This past weekend, we took the motorcycle and went to the Chili Cook-off in Stone Mountain. Yep. Probably not the best idea for someone that is trying to get a hold on that food-eating thing, but my husband suggested it and I really never like to turn down something he suggests. Simply because he does it so rarely. He would be more than happy to sit back and let me plan the rest of his life for him. Which if you think about it, would be a dangerous proposition… And then there is the chili thing. I really do like chili.

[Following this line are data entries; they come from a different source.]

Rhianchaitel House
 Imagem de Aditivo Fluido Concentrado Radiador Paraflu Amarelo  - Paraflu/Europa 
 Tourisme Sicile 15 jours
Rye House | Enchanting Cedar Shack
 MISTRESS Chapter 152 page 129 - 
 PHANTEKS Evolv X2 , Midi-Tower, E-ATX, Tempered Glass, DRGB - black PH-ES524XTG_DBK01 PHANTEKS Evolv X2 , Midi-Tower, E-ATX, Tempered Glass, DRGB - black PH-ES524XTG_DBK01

So we pay a fee to get in and there are booths with chili as far as you can see. There had to be hundreds of them. Each booth had their cooking utensils going, tons of pots of chili and little serving cups lined up for those of us who were voting to sample. So with an enthusiastic start, we hit the first booth. And then the second and then the third and we kept on going, downing a small cup of chili at each booth as the cooks watched you with anticipation, just knowing that at any moment one of us would nod emphatically, say “That is the best darn chili I have ever had!”, and drop our ticket stub into their vote jar.
I would say now to anyone who wants to actually compete in a chili contest that it would be best to get a booth at the front of the show. Because after about the first 20 booths, the chili started to taste the same. And then we started to slow down. Did I mention that it was 95 degrees in the shade? Ever try to eat chili on a hot summer day?
After a while, we slowed down to a crawl. Bypassing more booths than we stopped at while we were careful not to make eye contact with the chili cookers. Because one look that way and you were committed to try a cup of their offerings while they stood there expectantly waiting for your vote. And frankly, I was up to my eyeballs in chili. I couldn’t take another bite.
At some point, we emerged from the crowded booth area all bloaty and burpy and headed for some shade to rest and do some people watching. Which was quite amazing by the way. There were several live bands there to entertain, including a cover band that played music from the Blues Brothers movie. I saw at least ten different women in four inch heels. I have to say that while I do like to look good, I’m not going to torture myself walking around a huge uneven field in the hot sun eating scalding chili in four inch heels.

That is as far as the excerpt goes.